This lesson explores how to move from eliciting values to taking action. Values and action go hand in hand. We want to promote value-driven action. We are trying to have our clients move in a direction that has some guidance, based on those things that are important to them.
There are number of questions we can ask our clients to help this process.
Step 1 - If you couldn’t fail what would you do? This allows them to identify actions that they have previously failed to achieve, or been too afraid to try.
Step 2 - What is the value that underpins that choice?
Step 3 - What do we need to make room for? What barriers (issues or discomforts) do you need to consider while stepping toward that value?
Step 4 - What is a simple action to start with? This is the committed action.

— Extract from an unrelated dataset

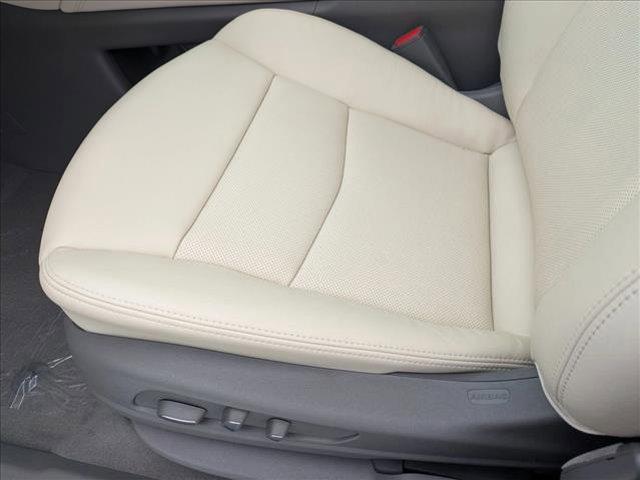 Photo of 2025 Crystal White Tricoat Cadillac XT6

Craig was keen to play cricket after returning to Sydney after living in France for 15 years. He missed his friends, whom he knew still played in a very competitive social team, and wanted to feel part of their group again. Craig was worried that his old friends would judge his performance and his lack of fitness, and that he would be excluded from conversations that had continued for the two decades he was overseas. He was worried that nervousness – nausea, sweaty hands and even a propensity for migraines - could lead to dropped catches and short innings, or force him to pull out at the last minute.
We talked about the action he could take – action that would perhaps require him to hold some discomfort initially but would lead him to his goal. Craig began working on his fitness, so he would be better prepared physically and feel more confident about his appearance. He also called one of his former friends and asked if he’d be able to train with the team and perhaps fill in if needed. Craig discovered that the group was short of players and hadn’t contacted him because they assumed he was too busy with work or lacked interest in the game and his old friends.
This simple four-step process enables us to consider the actions a client would be willing to take to meet a value. It allows us to explore the fear we hold when moving out of our comfort zone, and other potential barriers to reaching goals. It provides a basis for action and opens possibilities.